Is there a way to explain that sphere's model more understandably?
Yes, there is. Soap bubbles. If you make one bubble (ie, one sphere), the position is anywhere on that bubble. Attach a second bubble to the first one, and you'll get a common circle. Attach a third one, and you'll get a common line with a starting point and an end point. Attach a fourth one, and those four bubbles will have exactly one common point. That's why it is possible to make a 'fix' with a minimum of three satellites, provided that your receiver is absolutely in sync with the satellites' clocks; the surface of the Earth will be the fourth sphere4.
This example has one weak point; soap bubbles change their form and size to achieve a minimum energy status, satellites don't. Please understand it only as a visualization of why four spheres are needed to define one specific point in a three-dimensional space.
How about the Accuracy?
The information provided by GPS can be lifesaving, but also deadly - just imagine a cruise missile flying through your door. That's why the so called 'selective availability' had been introduced. This means that regular GPS receivers provided an accuracy of about 30m-100m, whereas some special receivers were ten times more accurate. Selective availability was turned off in May 2000. Today all standard GPS receivers have an accuracy of approximately 3-10m in three dimensions.
It might be interesting to know that even today, as selective availability has been turned off, there is still a significant difference between the C/A-code and the P-code receivers. C/A-code means that the satellites do not send their exact position, thus creating some inaccuracy. This code is commonly available and is used by the standard GPS receivers. The P-code is encrypted and can be read only by US military and their allies. It is much more accurate.
GPS is still a military thing. The accuracy is regularly deteriorated in crisis areas.
How can this accuracy be increased?
If you mount a GPS receiver to an exactly known place and plot its reading to a map, you'll notice that the GPS position roams around the real position5. As you know exactly where your fixed GPS receiver is positioned, you can exactly determine the offset at every single moment. This offset is the same for any other GPS receiver nearby. If you can determine it, you can rule it out. If you know from your fixed receiver that the error was 5m to a heading of 195, just add 5m and a heading of 15 (ie, the opposite direction) to the reading of your mobile unit and you'll get a 'fix' that's accurate to within centimetres. The whole correction can be made automatically and is called Differential GPS or DGPS.

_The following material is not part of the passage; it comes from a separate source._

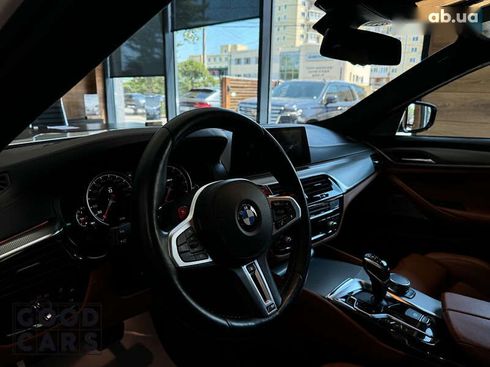 BMW M5 2019 - фото 29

Another way to increase accuracy is to wait. If you have enough time, don't move and average the positions that your receiver gives you. After a couple of hours the average position may be accurate within centimeters. This is no solution if you need real-time navigation on moving objects, like planes, ships or cars, of course.
Who Needs GPS?
Everybody who needs to know exact positions can take advantage from GPS. Navigational purposes (airplanes, ships, cars, bikes, hikers) are quite obvious, but even in modern farming some machines are equipped with GPS, allowing exact fertilizing without under- or overdoses. Modern container terminals use GPS to store and retrieve their containers. It has been said that 'Anything that happens, happens to happen somewhere'. If you have to know where this 'somewhere' is, you need GPS.